Please excuse my poorly drawn doodle here, I'm almost inept at drawing.

I'm attempting to compute i2, j2, x2, y2.

Knowns: x1, y1, xk, yk, i1, j1, the arc is circular

Constraints:

  • resulting arc is circular
  • cartesian co-ordinate system
  • intermediate calculations can be in any co-ord system that makes sense
  • problem may be arbitrarily rotated, and so can't assume y2=j2 or i2=xk, etc.

    x2 and y2 are not known, but the arc length from x1,y1 to x2,y2 is an arbitrary but fixed, known distance, say 100 units.

I suppose where I'm getting most confused is that there's an arc involved. If this were triangles even I could solve this problem.

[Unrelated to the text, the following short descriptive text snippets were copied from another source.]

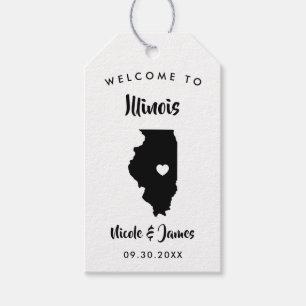 Illinois bruiloft welkomsttas Labels voor hotelgas Cadeaulabel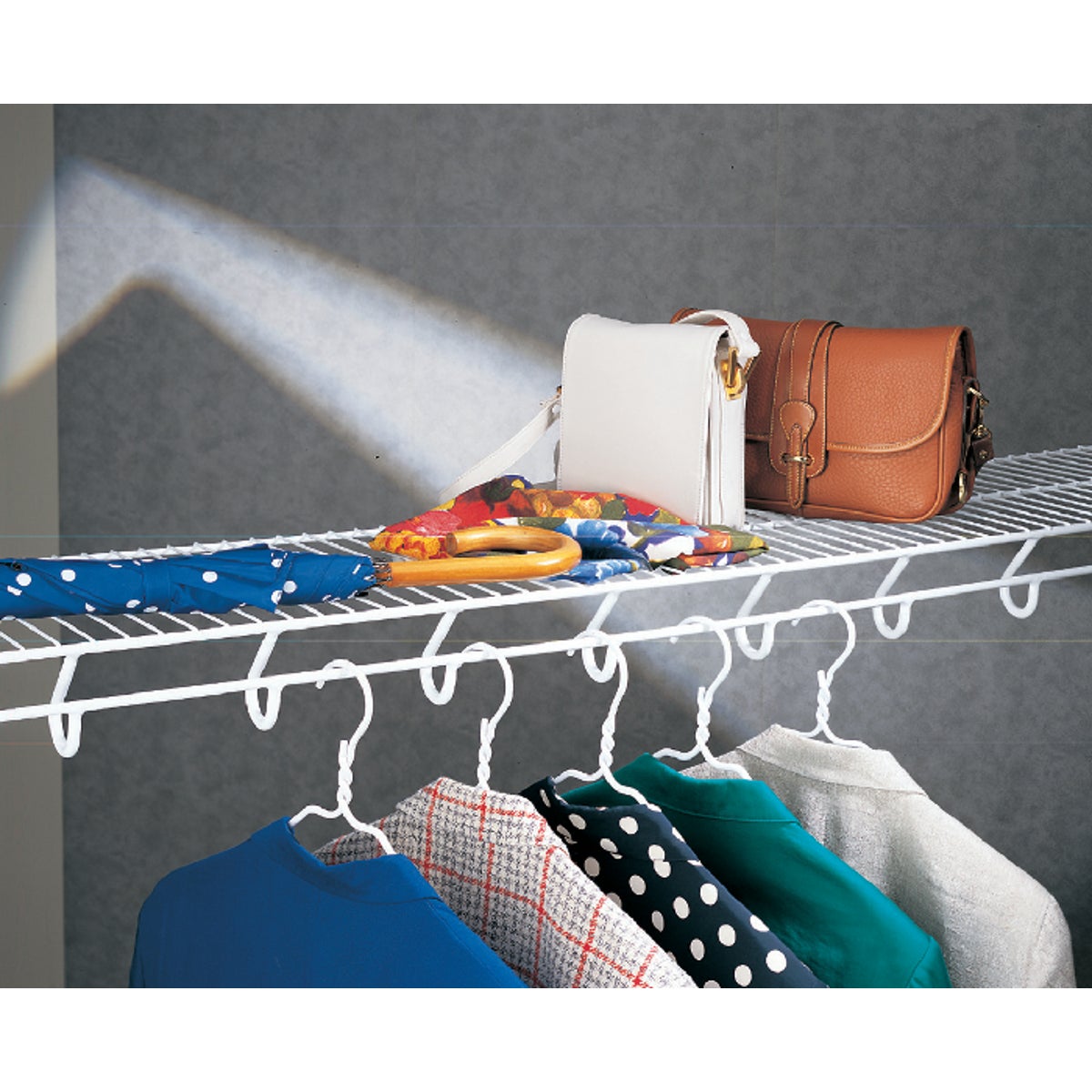 ClosetMaid TotalSlide 12 Ft. W. x 12 In. D. Ventilated Wire Shelf & Rod, White Image 2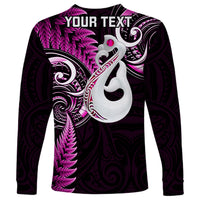 Personalised New Zealand Long Sleeve Shirt Aotearoa Silver Fern With Manaia Maori Unique Pink - Wonder Print Shop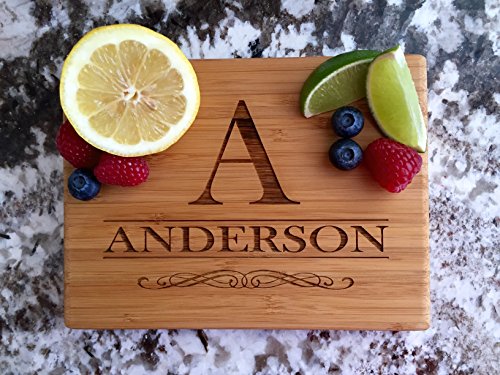 Qualtry - Personalized Mini Wood Cutting Boards - Perfect Gifts For Weddings, Bridal Showers, and Housewarmings - (6 x 8 Single Tone Bamboo Rectangular, Anderson Design)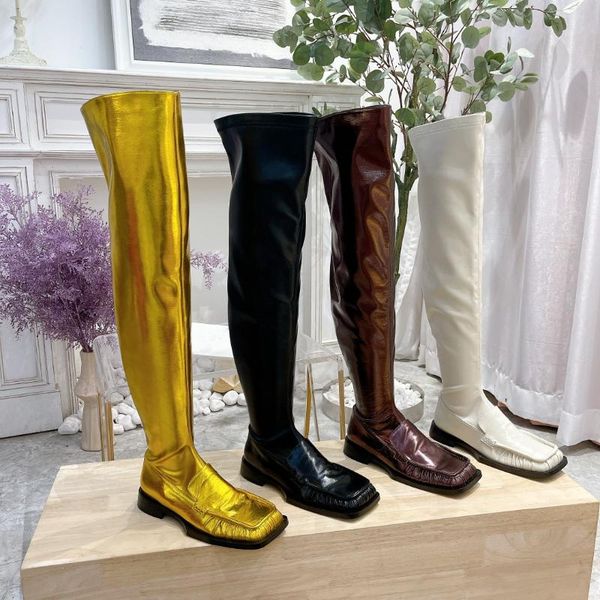 

boots autumn and winter women square toe zipper ladies solid genuine leather over the knee botas de mujer designer shoes, Black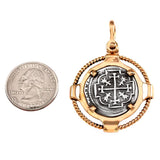 Atocha Silver 1 1/2" Replica Spanish Coin Pendant in 2 Part Setting - Item #18206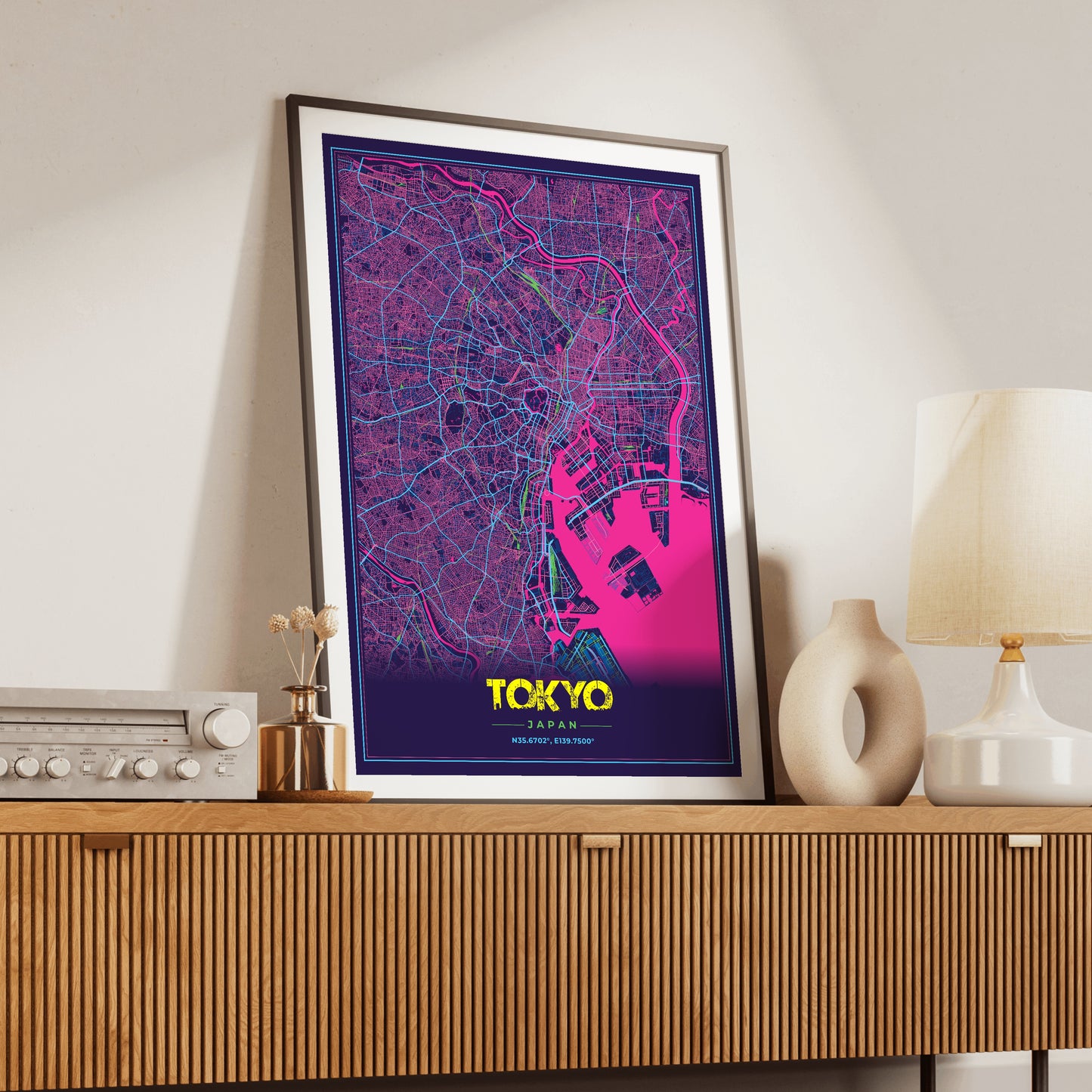Tokyo Cyberpunk Map Poster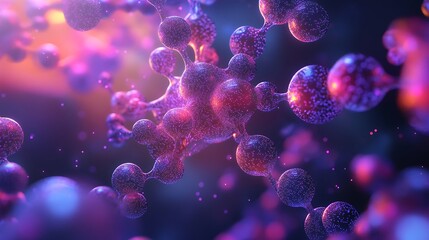 Artistic depiction of molecular advancements with clean geometric patterns and vibrant luminous elements, symbolizing innovation 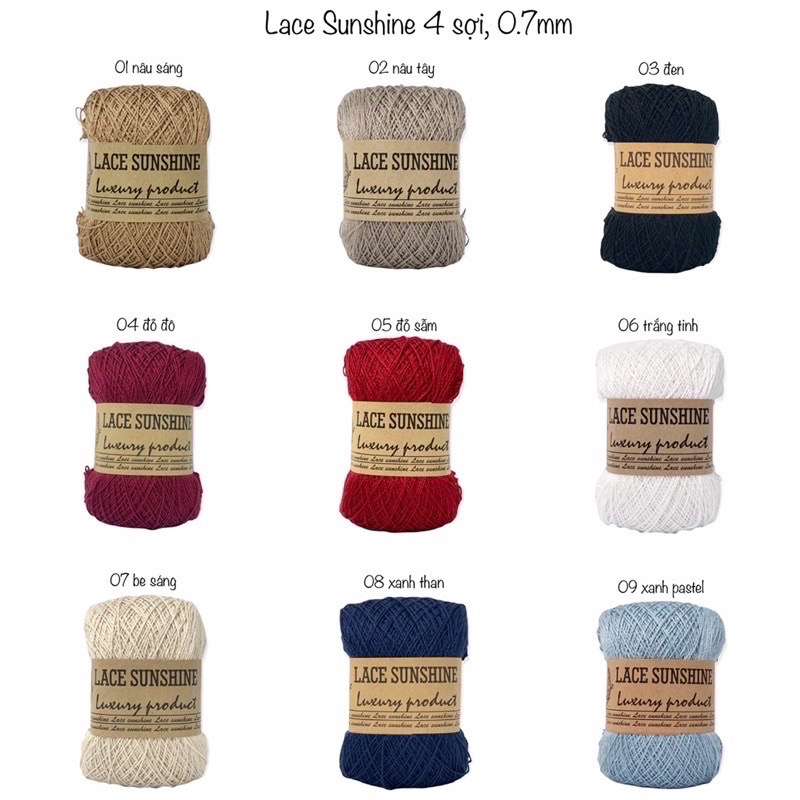 Lace Sunshine 4 sợi - 0.7mm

I just don't know my properties of arcs well enough to make valid assumptions.

Is it a valid approach to manipulate the arc length formula to supply x2,y2 and then use similar triangles to solve back for i2,j2?

Can we assume that the line formed by x2,y2-i2,j2 is always parallel to x1,y1 to i1,j1 regardless of rotation because of the constraints (ie since the initial and resulting arcs are circular, do these lines not form a right angle wtih the line (i1,j1), (xk,yk) ) ? Cannot make this assumption, counterexample let the angle = 180 degrees.

This is not a homework problem, it's something I need to understand for a project I'm involved with.

Any help is greatly appreciated.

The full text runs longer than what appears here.